Washington has allowed just two even-strength goals in its last two games.
“I don’t think you find anybody ever completely happy with the way they play,” says Boudreau. “You’re happy that you won. And when you start getting unhappy when you win, then you’re setting yourself up for an unhappy time because you’re eventually going to lose a game and you’re certainly not going to be happy when you lose.
“So enjoy the wins, but make the adjustments you have to make while you’re winning rather than making the adjustments while you’re losing.”
Washington is 4-for-16 (25%) on the power play and is 11-for-14 (78.6%) on the penalty kill.
Florida comes to town with a 3-1 mark and is in position to move into a tie with Washington for the Southeast Division lead with a regulation win over the host Capitals on Tuesday.
Vokoun played for the Panthers for the last four seasons, but he has little emotion going up against a team that barely resembles the one he played for.
“It’s a divisional game and obviously it’s two points,” says Vokoun. “From coaches to players, there’s not really many people left out of the team I played for.”
Vokoun is right. Only six of the players who suited up for the 2010-11 Panthers season opener wore the Florida sweater for this season’s opening night contest.
Florida has new coaches and an entirely new look on the ice.
“We’ll have tapes of them,” says Boudreau, “like we prepare for every other team. It’s something where we haven’t had a chance really to look at them too much yet because we haven’t played them and we’ve had other teams that we’ve had to focus on that we haven’t played yet, either.
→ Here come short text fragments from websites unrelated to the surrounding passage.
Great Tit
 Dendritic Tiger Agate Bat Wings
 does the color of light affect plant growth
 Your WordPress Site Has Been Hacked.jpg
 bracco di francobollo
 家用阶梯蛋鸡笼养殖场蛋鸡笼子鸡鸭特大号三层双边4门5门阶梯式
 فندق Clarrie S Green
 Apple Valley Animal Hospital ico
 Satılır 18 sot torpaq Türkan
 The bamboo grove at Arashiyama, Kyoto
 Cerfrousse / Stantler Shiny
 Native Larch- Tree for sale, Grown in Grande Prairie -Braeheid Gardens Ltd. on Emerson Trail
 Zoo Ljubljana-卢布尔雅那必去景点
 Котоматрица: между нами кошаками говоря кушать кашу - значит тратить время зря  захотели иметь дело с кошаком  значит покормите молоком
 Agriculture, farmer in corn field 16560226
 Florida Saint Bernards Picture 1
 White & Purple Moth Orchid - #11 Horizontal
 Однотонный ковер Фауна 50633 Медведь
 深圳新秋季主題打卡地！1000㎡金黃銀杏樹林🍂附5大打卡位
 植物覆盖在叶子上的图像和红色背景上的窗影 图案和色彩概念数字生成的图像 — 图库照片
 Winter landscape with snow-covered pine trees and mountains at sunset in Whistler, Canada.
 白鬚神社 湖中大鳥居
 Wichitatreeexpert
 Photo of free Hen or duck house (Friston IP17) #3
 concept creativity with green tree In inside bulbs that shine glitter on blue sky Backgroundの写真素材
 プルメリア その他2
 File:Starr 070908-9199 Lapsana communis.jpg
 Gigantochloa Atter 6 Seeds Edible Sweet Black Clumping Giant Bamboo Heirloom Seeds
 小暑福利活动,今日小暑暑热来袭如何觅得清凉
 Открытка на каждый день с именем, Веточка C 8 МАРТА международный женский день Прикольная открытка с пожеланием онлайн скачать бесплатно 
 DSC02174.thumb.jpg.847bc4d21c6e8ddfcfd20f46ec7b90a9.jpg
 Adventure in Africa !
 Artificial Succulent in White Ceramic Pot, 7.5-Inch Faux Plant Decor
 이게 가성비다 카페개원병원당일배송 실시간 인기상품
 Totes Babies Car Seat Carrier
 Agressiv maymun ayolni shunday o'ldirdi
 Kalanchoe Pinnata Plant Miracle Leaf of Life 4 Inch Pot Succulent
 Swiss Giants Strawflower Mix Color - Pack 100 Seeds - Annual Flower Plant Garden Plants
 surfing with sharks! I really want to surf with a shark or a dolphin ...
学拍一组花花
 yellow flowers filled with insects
“[Monday] we’ll be watching Florida. You know, we do a lot of watching of ourselves to improve ourselves and get our game to where it is and then we worry about the opposition.”
Florida is fresh off a 7-4 spanking of the Lightning in Tampa Bay on Monday. The Panthers spoiled the Bolts’ home opener after Tampa Bay won just one game on a season-opening five-game road trip.
Six of Florida’s seven strikes against the Lightning came via special teams – five on the power play and one shorthanded. Stephen Weiss and Kris Versteeg each scored twice and Brian Campbell had four assists to make a winner out of ex-Caps goalie Jose Theodore.
Florida had the league’s worst power play last season with a success rate of just 13.1 percent. The Cats have already scored eight power play goals this season; they lead the league in that category and are second with a 32% success rate. The Panthers finished last season with just 35 power play goals.
Monday night’s outburst of five power play goals matches a Florida single-game franchise record. The Cats had five power play goals in an Oct. 25, 1996 game against the New York Rangers and matched that feat on Dec. 9, 1998 against Ottawa.
Theodore has started and gone the distance in each of Florida’s four games to date. Whether he gets the net on Tuesday against his former mates in the second of back-to-backs remains to be seen. Freshman Jacob Markstrom is Theodore’s backup.
The 21-year-old Markstrom shares a hometown (Gavle, Sweden) with the Caps’ Backstrom. Markstrom has played just 40 minutes during his NHL career, but is considered Florida’s netminder of the future.
It won’t be much of a surprise if Theodore gets a return call between the pipes on Tuesday in the District. He is 3-1 with a shutout, a 2.47 GAA and a .920 save pct. this season.
“It’s a completely revamped team,” says Boudreau. “To me as a coach, it’s a divisional game. We want to beat our divisional foes.”
“It’s a good test game for us,” says Vokoun. “They’ve been playing well. They’ve won some games, and like we found out last game, there are no easy games in this league.”